→ What is expected
When you reach the line that contains "Stock M2 Metric", give it back exactly along with each line after it to the end of the entries; skip any pictures.

[Extracted records]
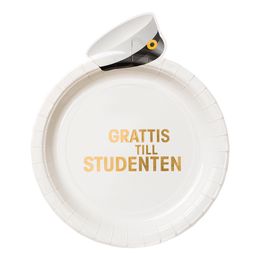 Papptallerkener Studentlue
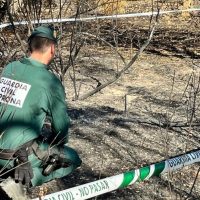 Investigan a un vecino de Talarrubias por provocar dos incendios que arrasaron 38 ha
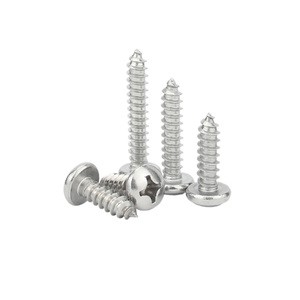 Stock M2 Metric Self Tapping Screws Manufacturer High Strength Stainless Steel 304 Self Drilling Screw Not Easy Rust Heavy Duty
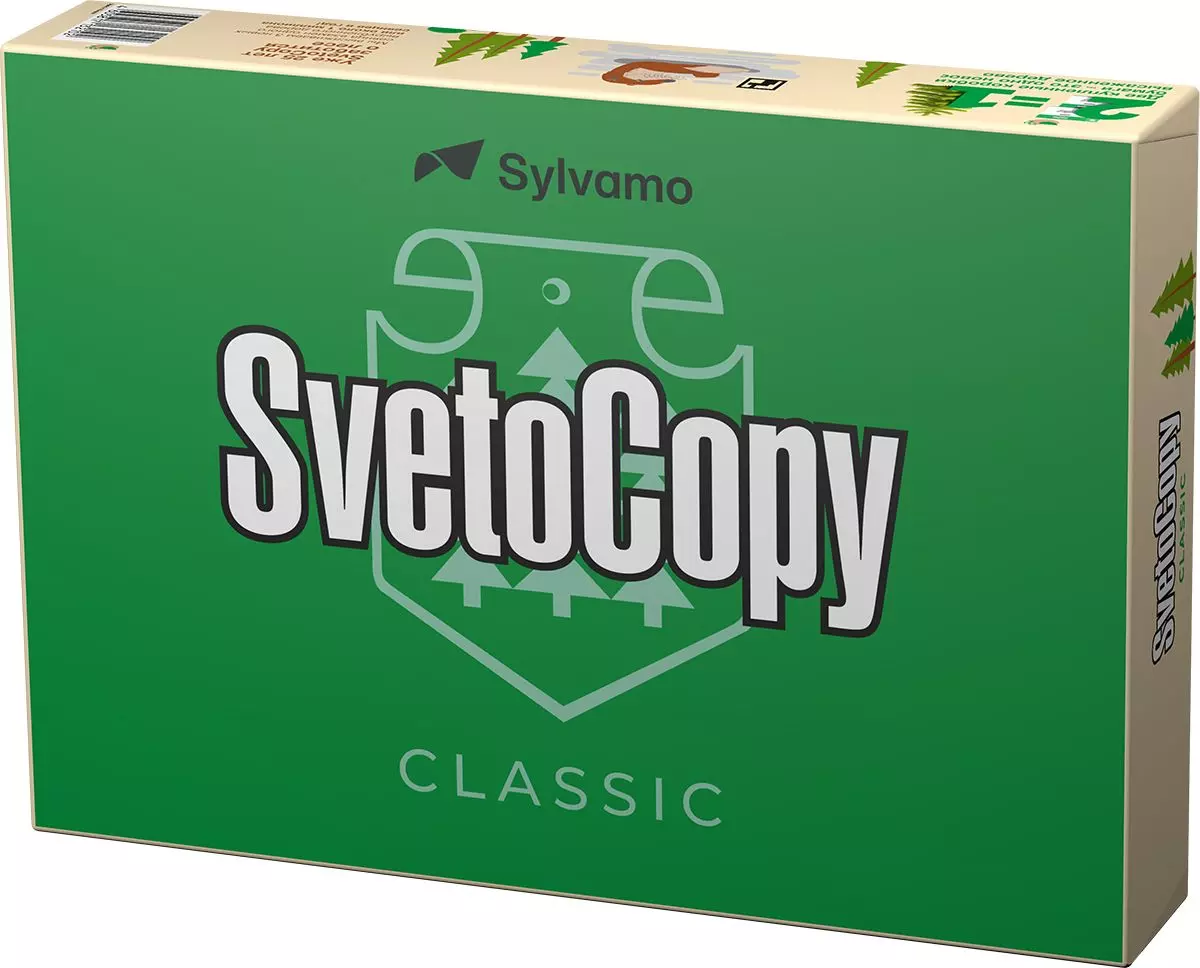 Бумага А4 марка С SVETOCOPY 500 л 80 г/м2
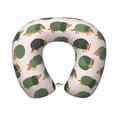 thumbnail image 1 of Disketp Cute Armadillo Travel Pillow Memory Foam Neck Pillow Support Pillow for Camping, Sleeping Rest Cushion Airplane Pillow, 1 of 8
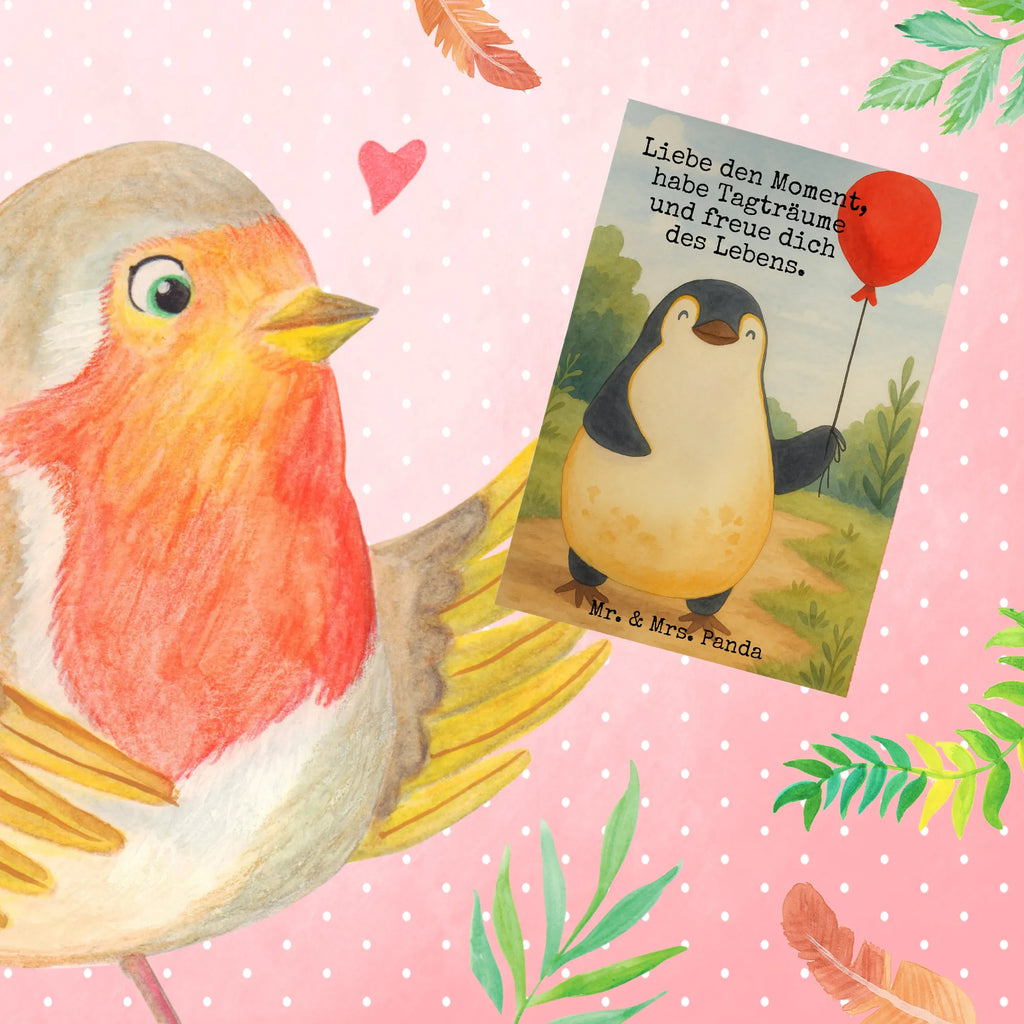 Grußkarte Pinguin Luftballon Design Grußkarte, Klappkarte, Einladungskarte, Glückwunschkarte, Hochzeitskarte, Geburtstagskarte, Karte, Ansichtskarten, Pinguin, Pinguine, Luftballon, Tagträume, Lebenslust, Geschenk Freundin, Geschenkidee, beste Freundin, Motivation, Neustart, neues Leben, Liebe, Glück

→ Result of the task
 Stock M2 Metric Self Tapping Screws Manufacturer High Strength Stainless Steel 304 Self Drilling Screw Not Easy Rust Heavy Duty
 Бумага А4 марка С SVETOCOPY 500 л 80 г/м2
 thumbnail image 1 of Disketp Cute Armadillo Travel Pillow Memory Foam Neck Pillow Support Pillow for Camping, Sleeping Rest Cushion Airplane Pillow, 1 of 8
 Grußkarte Pinguin Luftballon Design Grußkarte, Klappkarte, Einladungskarte, Glückwunschkarte, Hochzeitskarte, Geburtstagskarte, Karte, Ansichtskarten, Pinguin, Pinguine, Luftballon, Tagträume, Lebenslust, Geschenk Freundin, Geschenkidee, beste Freundin, Motivation, Neustart, neues Leben, Liebe, Glück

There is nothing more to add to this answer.